* **Activity**
How many lines in the data below contain the string "Cotton"? Answer with the number only.

=== Dataset content ===

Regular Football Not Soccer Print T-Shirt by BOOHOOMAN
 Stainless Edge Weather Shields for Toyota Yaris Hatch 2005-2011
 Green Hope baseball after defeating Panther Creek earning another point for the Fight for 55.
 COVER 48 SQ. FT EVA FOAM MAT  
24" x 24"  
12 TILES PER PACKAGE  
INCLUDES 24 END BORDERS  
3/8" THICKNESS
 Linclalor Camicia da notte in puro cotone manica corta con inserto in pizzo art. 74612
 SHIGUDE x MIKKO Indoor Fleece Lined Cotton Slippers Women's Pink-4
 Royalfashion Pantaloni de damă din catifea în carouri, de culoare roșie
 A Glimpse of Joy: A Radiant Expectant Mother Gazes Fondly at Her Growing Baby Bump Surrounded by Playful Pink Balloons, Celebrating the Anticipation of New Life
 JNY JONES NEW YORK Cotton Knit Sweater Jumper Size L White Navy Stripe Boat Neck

===

* **Result of this task**
2